China, with 1.26 billion people, is “the one area worrying most people most of the time,” says Marq de Villiers, author of the recently published “Water “. In dry Northern China, he says, “the water table is dropping one meter per year due to overpumping, and the Chinese admit that 300 cities are running short. They are diverting water from agriculture and farmers are going out of business.” Some Chinese rivers are so polluted with heavy metals that they can’t be used for irrigation, he adds.

“They’re disgraceful, unusable, industrial sewers,” says de Villiers. As farmers go out of business, China will have to import more food.

In India, home to 1.002 billion people, key aquifers are being overpumped, and the soil is growing saltier through contamination with irrigation water. Irrigation was a key to increasing food production in India during the green revolution, and as the population surges toward a projected 1.363 billion in 2025, its crops will continue to depend on clean water and clean soil.

Israel (population 6.2 million), invented many water-conserving technologies, but water withdrawals still exceed resupply. Overpumping of aquifers along the coast is allowing seawater to pollute drinking water. Like neighboring Jordan, Israel is largely dependent on the Jordan River for fresh water.

Egypt, whose population of 68 million may reach 97 million by 2025, gets essentially no rainfall. All agriculture is irrigated by seasonal floods from the Nile River, and from water stored behind the Aswan High Dam. Any interference with water flow by Sudan or Ethiopia could starve Egypt.

“The Nile is one I worry about,” says Sandra Postel, director of the Global Water Policy Project.
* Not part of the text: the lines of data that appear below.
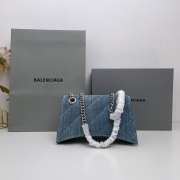 Balenciaga Release Retro Denim Hourglass Bag 25x15x9.5cm - 3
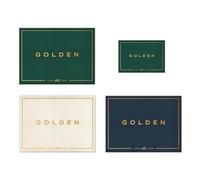 JUNGKOOK - [GOLDEN] (All Set Ver.) SHINE Ver. + SOLID Ver. + SUBSTANCE Ver. + Weverse Albums Ver. + 2 Extra Photocards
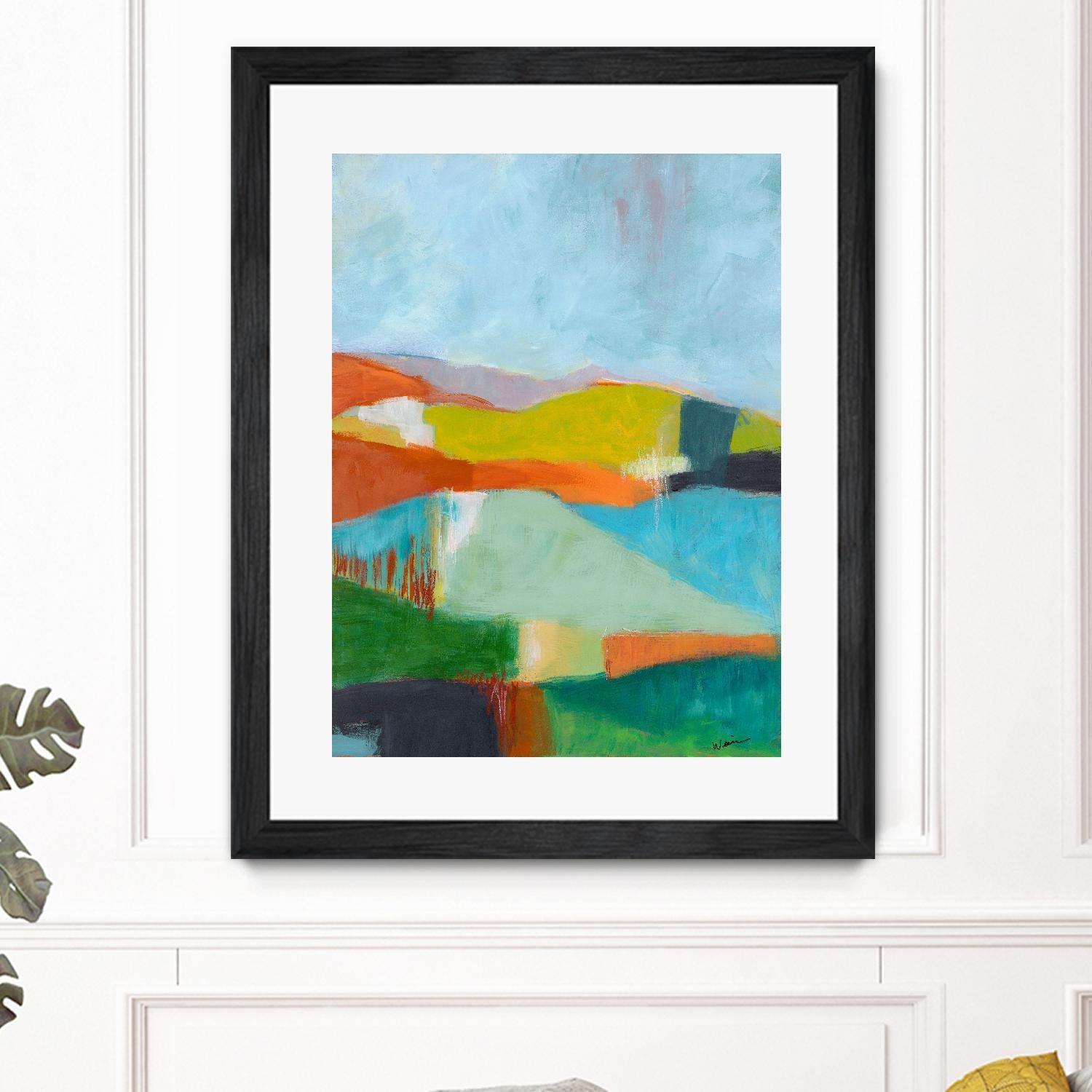 North Bay Hills by Jan Weiss on GIANT ART - multicolor landscapes; abstracts; contemporary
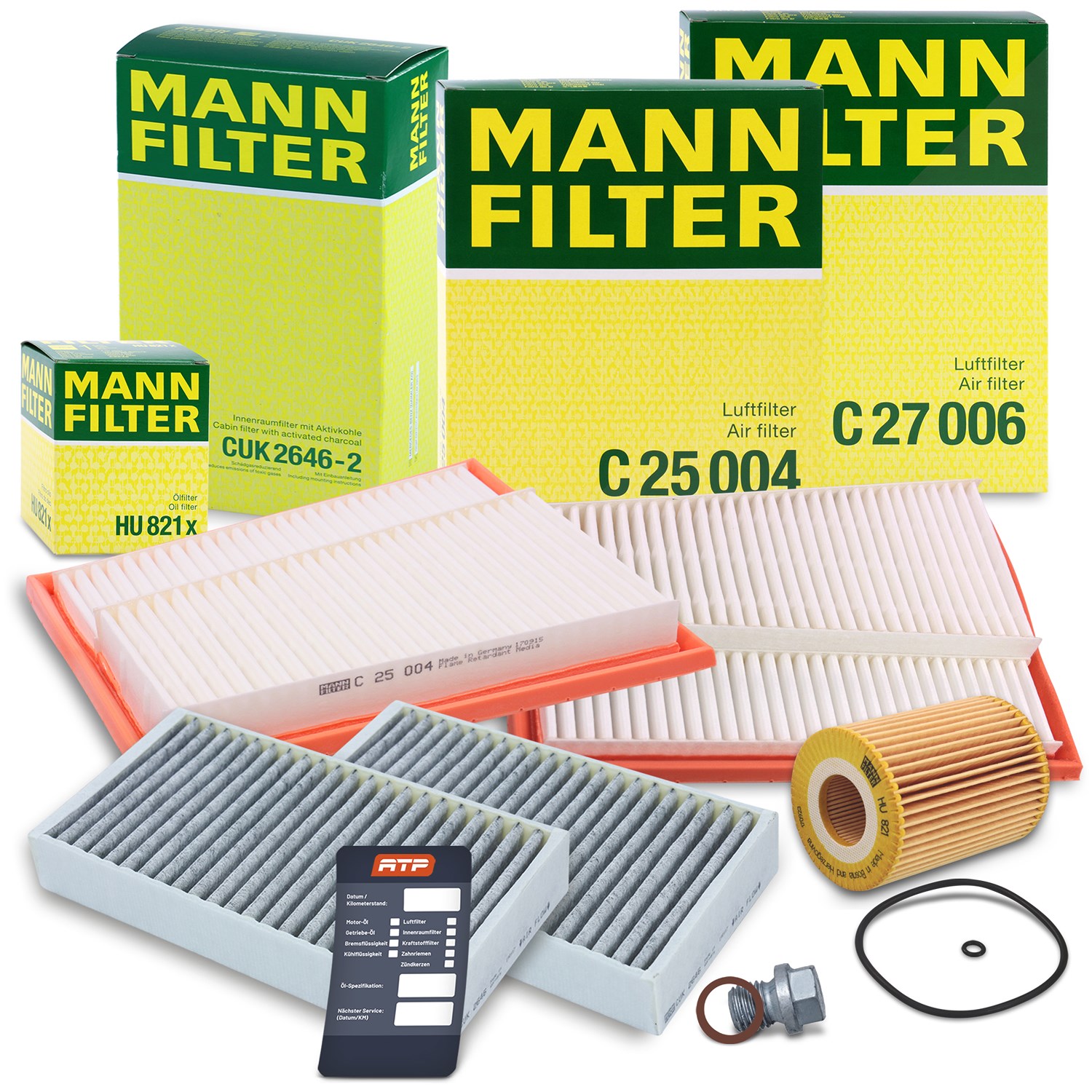 Mann-filter Inspektionspaket Filtersatz SET A [Hersteller-Nr. 10491905] für Mercedes-Benz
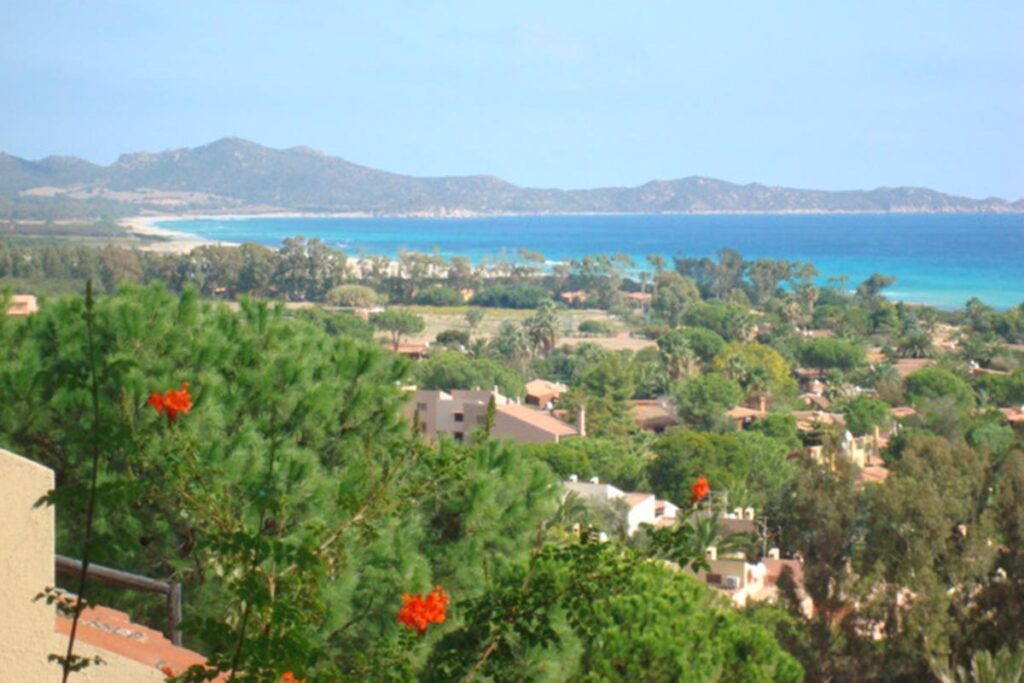 Traumblick von der Terrasse der Ferienwohnung Cocco 52, Costa Rei - meer sardinien urlaub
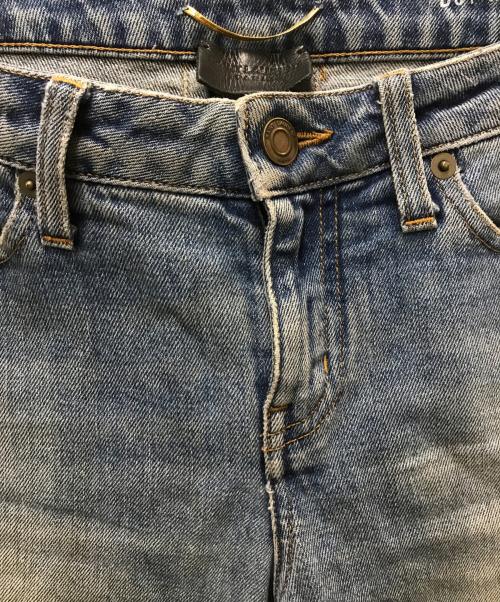 Saint Laurent Paris（サンローランパリ）Saint Laurent Paris (サンローランパリ) ダメージデニムパンツ インディゴ サイズ:27の古着・服飾アイテム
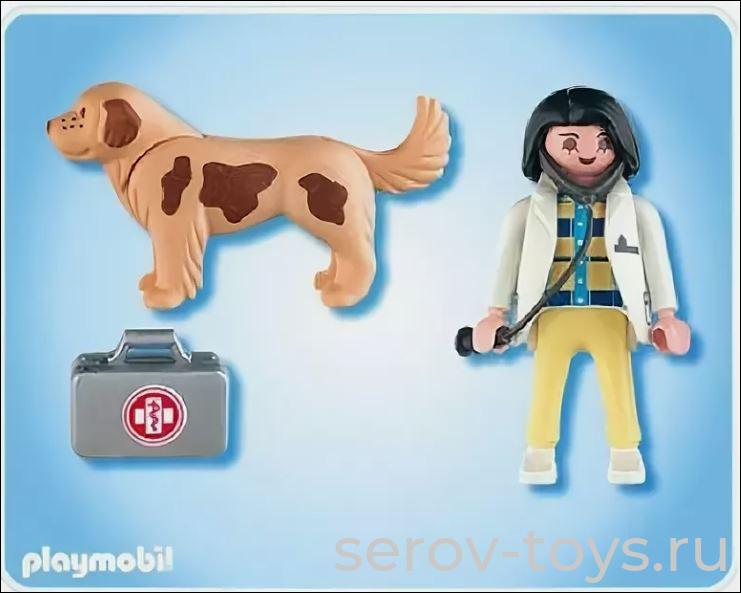 Ветеринарная клиника 4750pm с собакой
Egypt, she says, is militarily powerful but vulnerable. “The hydropolitics might favor some military action, because Egypt is so heavily dependent on the Nile, it’s already virtually tapping out the supply, and Ethiopia is now getting interested in developing the headwaters.”
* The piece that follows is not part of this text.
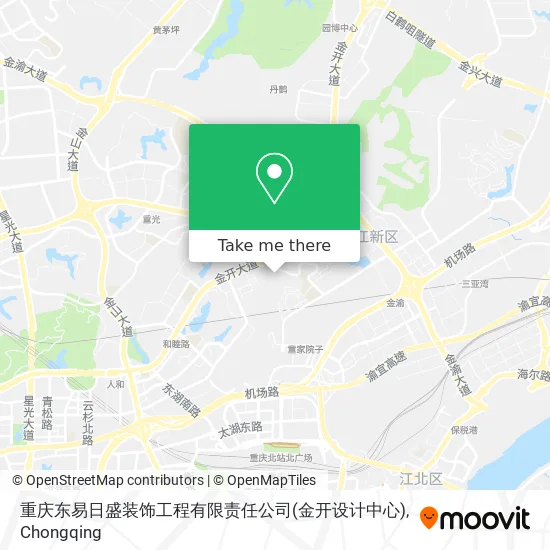 重庆东易日盛装饰工程有限责任公司(金开设计中心) map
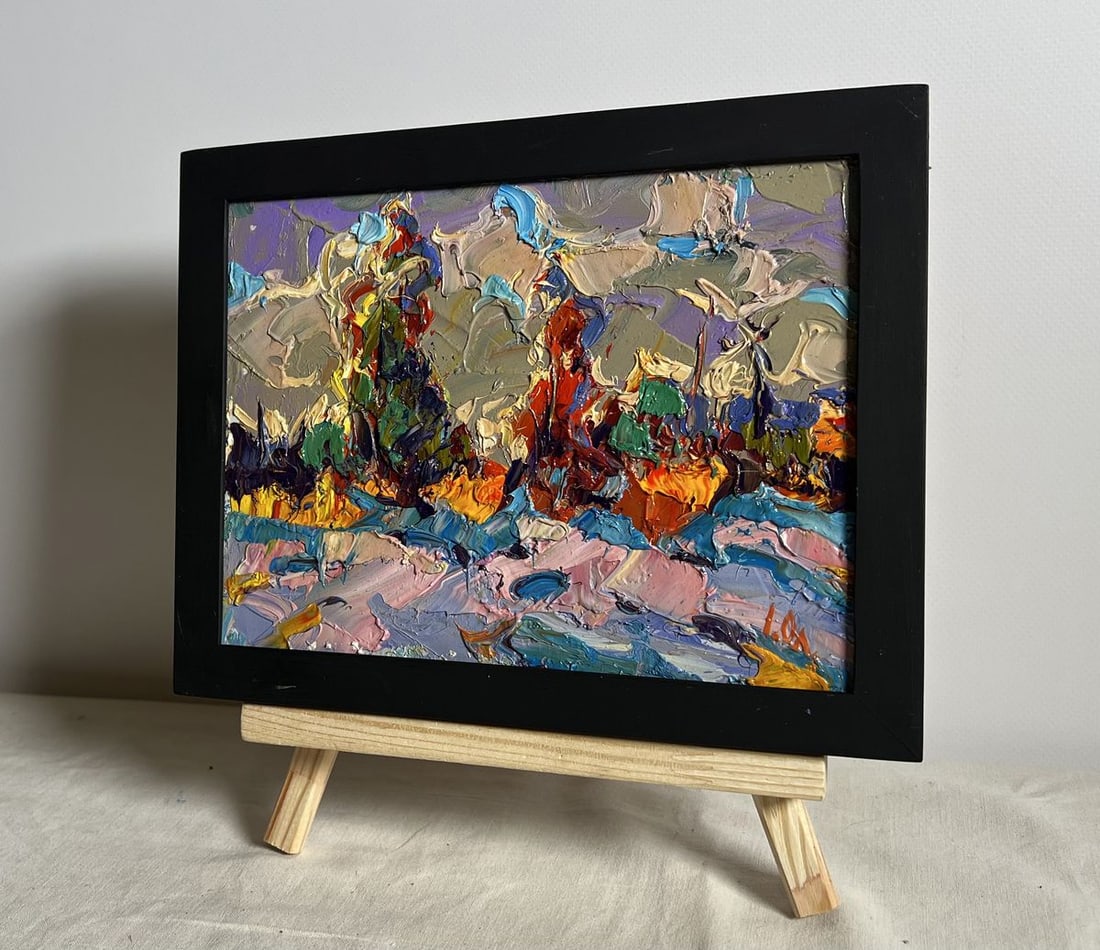 Oil painting The first snow fell Alex Kalenyuk - 2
When a World Bank official suggested several years ago that water wars are not far off, he might have had Egypt on his mind or Turkey, Syria and Iraq, another trio of Middle-Eastern states that are locked in an uncomfortable embrace over water.

The Tigris and Euphrates Rivers both rise in Turkey and flow unimpeded to Syria and Iraq, where they provide the bulk of irrigation water needed in the arid climate. Turkey has proposed a series of dams that would reduce river flow. That causes alarm downstream.

International water politics play a role in the Southwestern United States, where the Colorado River is shared by many states before its dregs trickle into Mexico. All along the river, water is diverted for irrigation and urban water with Arizona and California the biggest users. Because Mexico uses the dribble of water that reaches it for irrigation, virtually nothing reaches the river’s once-fertile and now parched and polluted delta on the Sea of Cortez.

The Colorado may be completely allocated, but the Southwest continues booming. According to one estimate, five of the 10 fastest-growing U.S. states are in the river’s drainage. The water the newcomers drink is likely to come from farmers who now receive subsidized river water.